AWS Batch introduces quota management and preemption for SageMaker Training jobs
AWS Batch has introduced quota management with job preemption for SageMaker Training jobs, enhancing resource allocation and prioritization.
AWS Batch has expanded its capabilities to include quota management with job preemption specifically for SageMaker Training jobs. This new feature enables efficient allocation and sharing of compute resources across various teams and projects. For users utilizing GPU capacity in SageMaker Training jobs, this enhancement allows for intelligent allocation of compute resources, prioritization of critical training jobs, and the automatic preemption of lower-priority workloads when urgent experiments need resources.

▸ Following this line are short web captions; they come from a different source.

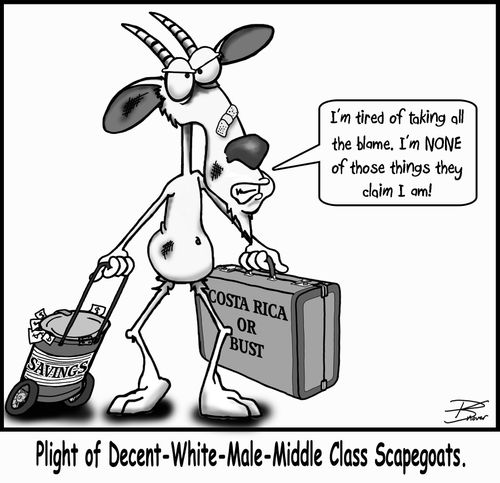 Plight of Decent-White-Male-Middle Class Scapgoats.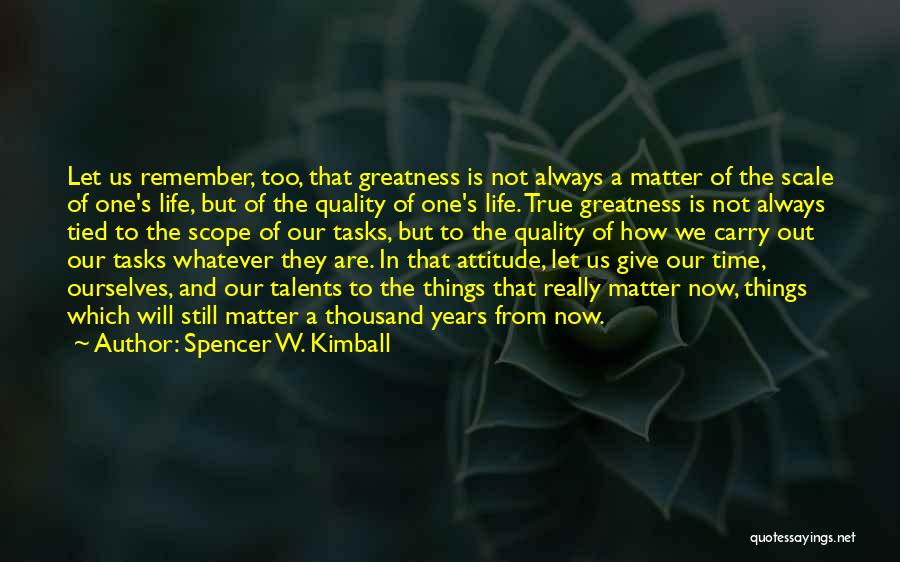 Spencer W. Kimball Quotes: Let Us Remember, Too, That Greatness Is Not Always A Matter Of The Scale Of One's Life, But Of The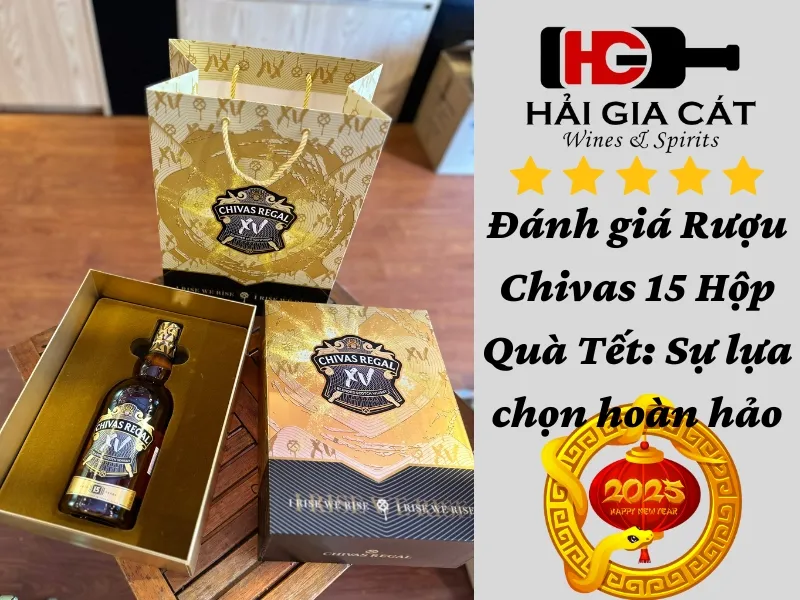 Danh Gia Ruou Chivas 15 Hop Qua Tet Su Lua Chon Hoan Hao 2025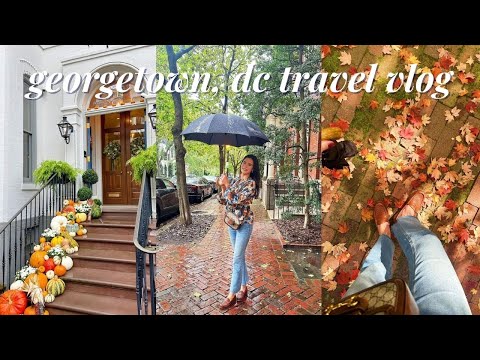 VLOG | a fall girls' weekend in georgetown, dc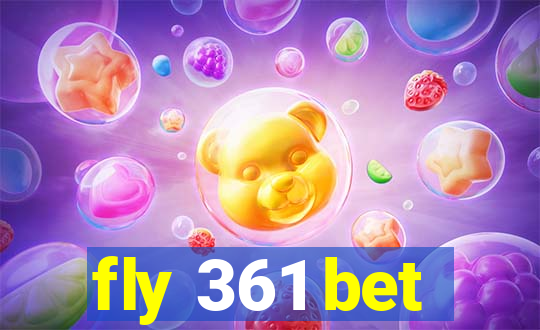 fly 361 bet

With the introduction of quota management, users can establish up to 20 quota shares per job queue. These function as virtual queues with dedicated capacity limits and configurable resource sharing strategies. The service is designed to automatically employ cross-share preemption to reclaim borrowed capacity when the original job owner submits their tasks. Additionally, within-share preemption is supported, allowing high-priority jobs to preempt those with lower priority within the same quota share.
Users can monitor capacity utilization at various levels, including queue, quota share, and job-level granularity. They also have the ability to update job priorities after they have been submitted, which can influence preemption decisions, and configure preemption retry limits to control how the system behaves. This feature integrates directly with the SageMaker Python SDK through the aws_batch module.
This new functionality for quota management and job preemption in SageMaker Training jobs is now available in all AWS Regions where AWS Batch operates. For further details, users can refer to the Quota Management example notebook on GitHub and consult the AWS Batch User Guide.